I now turn to the question of democracy. In societies with universal suffrage, a major issue for both feminists and multiculturalists has been the relative absence of women and representatives of cultural minorities from legislative assemblies. Why should this matter? It is argued on the other side that representatives are elected by all of their constituents, and are answerable to them, so even if there are few women and minority members actually present, their interests and concerns will still be channelled through the (white) men who represent them. It is mechanisms of accountability that matter, in other words, not who actually gets chosen to sit in Parliament or Congress.
14. Muslims burn The Satanic Verses in Bradford, UK, 1989.

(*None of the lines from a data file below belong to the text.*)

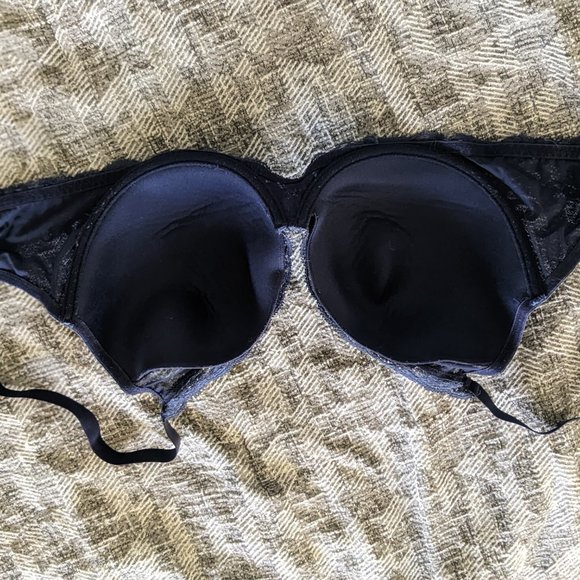 Wacoal Bras - Picture 2 of 7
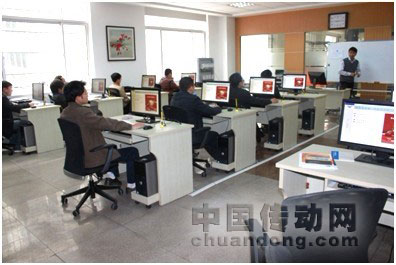 學員在培訓教室參加培訓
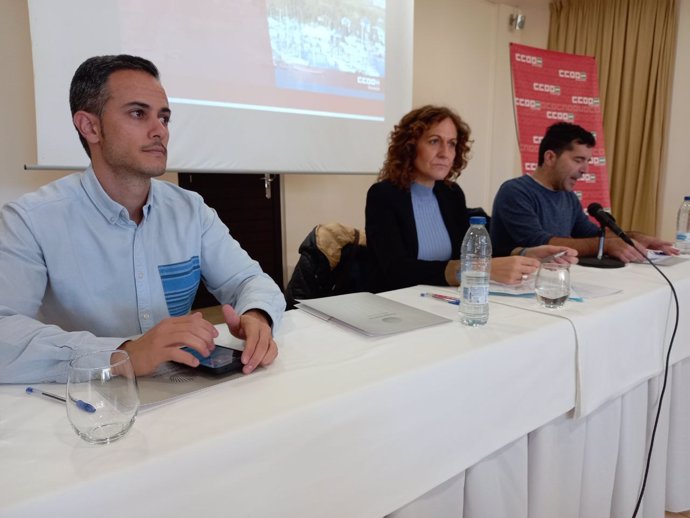 Asamblea de trabajadores organizada por CCOO en la costa de Granada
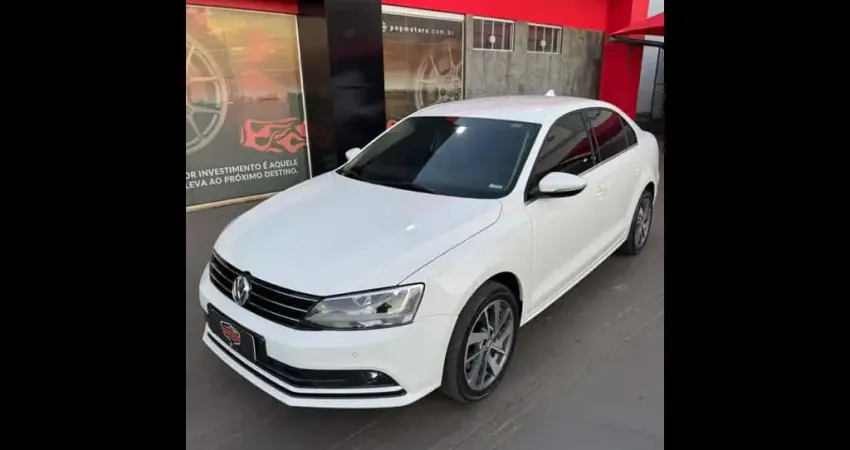 Volkswagen Jetta Highline 2.0 TSI 2015  - Branca - 2015/2015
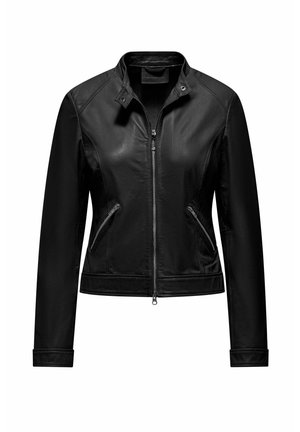 Zwarte leren jas met een ritssluiting aan de voorkant, een opstaande kraag met drukknopen, ritszakken aan de zijkant en lange mouwen met gestikte manchetten.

This reply overlooks the fact that, in democracies as they presently exist, elected representatives have a great deal of freedom to decide issues on which their constituents have never been given the chance to pronounce. In Chapter 3 I discussed ways of deepening democracy, of involving the people more fully in the making of decisions, and if that were to happen it might indeed matter less who was chosen to represent them. But now it matters a good deal, and the argument for increasing women’s and minority representation is that there are important issues on which it is very hard for those who do not belong to these groups to understand fully the perspectives and interests of those who do. So, for example, if a question about religious practice comes to Parliament or Congress, say in relation to a case of job discrimination, it is important that there should be people present who can explain the meaning of the practice, its centrality or otherwise to the life of the group in question, and so on. The same applies when an issue of specific concern to women arises, for instance an issue about maternity leave or childcare.
It is not essential that representation should be strictly proportional to numbers in the population. What is important is that each significant perspective be adequately represented in the legislative body. This follows from my earlier description of democracy as a system of reaching political decisions by open discussion among all those involved. Here it is assumed that the people involved are willing to listen to arguments on the other side, weigh them using standards of fairness, and change their own views accordingly. Of course democracies do not always work like this, but for minority groups especially it is important that they should, as far as possible. They are, after all, minorities. If everyone just votes according to their sectional interest, the minorities are bound to lose. The force of argument is their only weapon.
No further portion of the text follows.